◆ Work instructions
Reproduce the records exactly through the line with "Lerliuo Rattan Nightstand, Boho".

Information supplied section start

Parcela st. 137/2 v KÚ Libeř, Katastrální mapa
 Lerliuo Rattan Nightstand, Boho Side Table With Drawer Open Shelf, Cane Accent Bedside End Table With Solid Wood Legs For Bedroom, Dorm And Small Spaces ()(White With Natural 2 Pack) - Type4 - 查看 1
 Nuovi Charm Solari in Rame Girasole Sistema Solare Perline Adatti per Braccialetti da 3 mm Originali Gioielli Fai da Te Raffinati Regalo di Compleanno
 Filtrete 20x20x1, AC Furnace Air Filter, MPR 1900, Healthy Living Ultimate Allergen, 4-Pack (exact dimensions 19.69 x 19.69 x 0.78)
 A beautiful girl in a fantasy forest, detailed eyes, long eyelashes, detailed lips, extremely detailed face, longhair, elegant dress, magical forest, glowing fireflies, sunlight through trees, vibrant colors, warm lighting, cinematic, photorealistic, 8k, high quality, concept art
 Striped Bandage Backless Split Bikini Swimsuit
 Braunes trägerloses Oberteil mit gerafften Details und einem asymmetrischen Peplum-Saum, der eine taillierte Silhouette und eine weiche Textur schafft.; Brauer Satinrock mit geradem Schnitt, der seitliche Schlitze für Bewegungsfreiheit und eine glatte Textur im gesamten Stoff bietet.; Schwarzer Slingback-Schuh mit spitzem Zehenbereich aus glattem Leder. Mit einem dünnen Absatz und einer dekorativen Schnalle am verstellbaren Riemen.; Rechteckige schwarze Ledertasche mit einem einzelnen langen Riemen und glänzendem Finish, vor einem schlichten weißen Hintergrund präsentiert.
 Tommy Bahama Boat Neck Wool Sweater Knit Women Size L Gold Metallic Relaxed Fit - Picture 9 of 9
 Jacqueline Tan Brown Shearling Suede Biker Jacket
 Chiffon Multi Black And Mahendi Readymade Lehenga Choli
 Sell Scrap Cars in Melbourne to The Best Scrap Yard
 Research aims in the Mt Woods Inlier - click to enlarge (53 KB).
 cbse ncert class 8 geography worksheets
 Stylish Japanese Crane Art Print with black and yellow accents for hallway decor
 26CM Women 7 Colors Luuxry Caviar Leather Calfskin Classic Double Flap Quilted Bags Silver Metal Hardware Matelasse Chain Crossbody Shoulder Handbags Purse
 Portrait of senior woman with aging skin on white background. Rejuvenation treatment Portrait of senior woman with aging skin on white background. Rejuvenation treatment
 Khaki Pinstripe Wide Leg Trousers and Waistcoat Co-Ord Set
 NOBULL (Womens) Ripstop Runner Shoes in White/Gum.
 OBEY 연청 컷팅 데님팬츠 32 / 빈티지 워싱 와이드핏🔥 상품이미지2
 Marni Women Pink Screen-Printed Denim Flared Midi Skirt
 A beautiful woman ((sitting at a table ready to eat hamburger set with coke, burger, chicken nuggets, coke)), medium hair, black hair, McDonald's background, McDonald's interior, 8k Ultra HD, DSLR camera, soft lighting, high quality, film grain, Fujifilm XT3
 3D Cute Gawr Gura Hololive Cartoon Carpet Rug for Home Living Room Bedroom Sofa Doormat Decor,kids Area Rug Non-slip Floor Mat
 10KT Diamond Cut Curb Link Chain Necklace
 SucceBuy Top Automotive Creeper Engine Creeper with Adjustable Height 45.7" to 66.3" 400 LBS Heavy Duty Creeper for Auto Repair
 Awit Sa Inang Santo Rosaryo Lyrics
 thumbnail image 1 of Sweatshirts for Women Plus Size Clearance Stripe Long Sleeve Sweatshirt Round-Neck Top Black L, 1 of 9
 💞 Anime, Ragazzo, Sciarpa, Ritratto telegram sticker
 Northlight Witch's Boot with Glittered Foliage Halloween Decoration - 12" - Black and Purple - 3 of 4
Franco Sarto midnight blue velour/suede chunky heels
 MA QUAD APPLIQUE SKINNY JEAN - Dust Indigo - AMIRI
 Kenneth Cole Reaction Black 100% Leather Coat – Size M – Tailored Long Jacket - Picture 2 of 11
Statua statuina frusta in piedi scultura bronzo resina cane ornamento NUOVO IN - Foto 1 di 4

Information supplied section end

◆ Solution to the exercise
Parcela st. 137/2 v KÚ Libeř, Katastrální mapa
 Lerliuo Rattan Nightstand, Boho Side Table With Drawer Open Shelf, Cane Accent Bedside End Table With Solid Wood Legs For Bedroom, Dorm And Small Spaces ()(White With Natural 2 Pack) - Type4 - 查看 1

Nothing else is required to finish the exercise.